The United States does not pay much attention to World War One. World War Two receives most of the attention in history books and all the attention in Hollywood. Even in the rare event that World War One is discussed, it is treated as a side issue or an antecedent to World War Two, which it is, but this is a simplistic approach to the global conflict which shaped the world in which we live. The American view of the Great War focuses on American neutrality, Woodrow Wilson’s desire to help Britain but putting that desire aside for the sake popular opinion and intervention in 1917.

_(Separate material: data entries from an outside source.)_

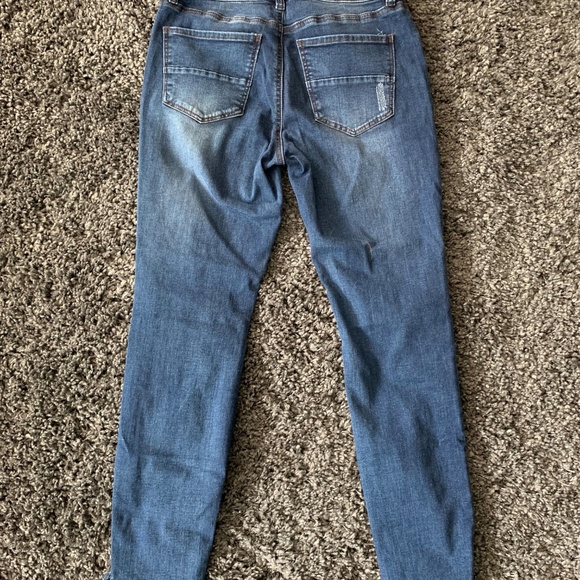Distressed Cropped Jeans NWOT! - Picture 6 of 8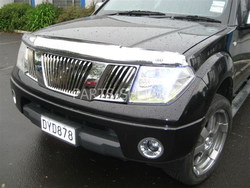 Решетка радиатора Navara 05-08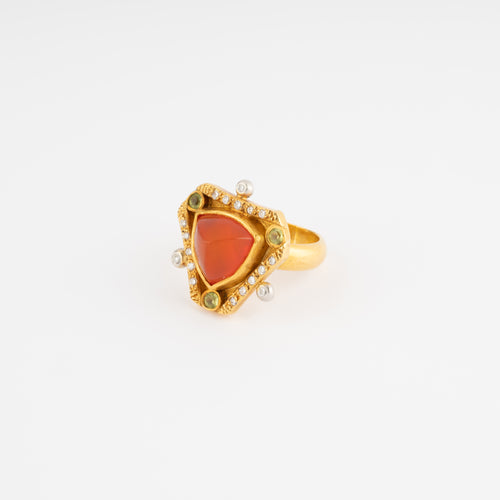 Bague en or jaune ornée d'une opale de feu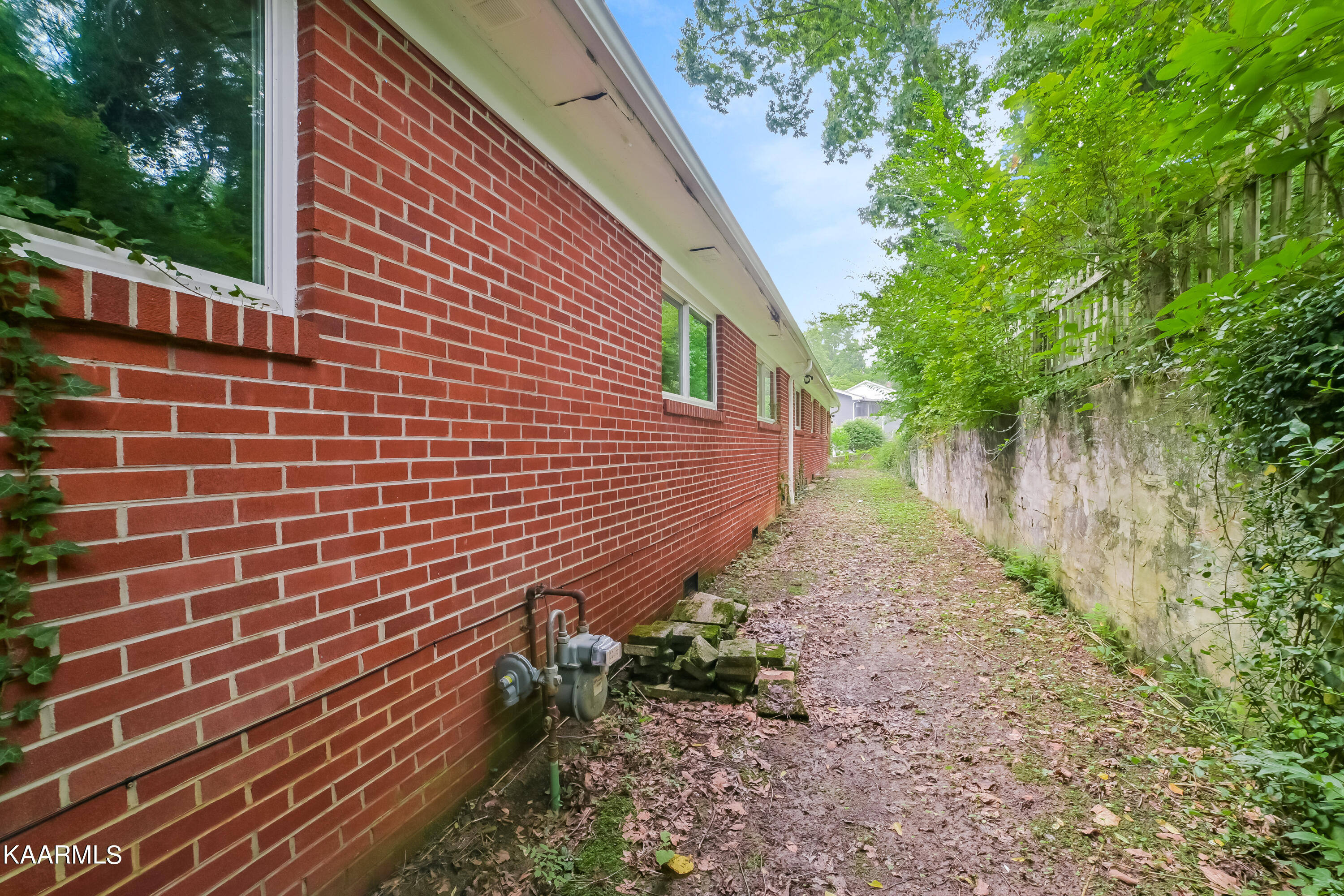 4604 Sunset Road West Knoxville, TN 37914 - Photo 7 of 27 listing_6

The History Channel documentary ‘World Wars’ is a good example of how we a nation views World War One. It was entertaining to see dramatizations of pivotal moments that shaped the times but the coverage of World War One began with Adolf Hitler’s life as a struggling artist and rejection by the Austrian army. The bulk of World War One focused on American figures, with the Bolshevik Revolution in Russia and Battles of Gallipoli and the Somme almost as afterthoughts. There was no coverage on the build up to war following the assassination, no analysis of figures other than those who became important in World War Two, and the Russian Revolution was mentioned only to establish the birth of the Soviet Union.
The American perspective of World War One is not wrong, but it is incomplete. As the same dynamics repeat themselves today and the world wonders if we are heading toward another global conflict, for Americans to really understand this part of history beyond where we came in is imperative to prevent us as a nation from repeating the same mistakes as 100 years ago. After all, those who do not know history are doomed to repeat it.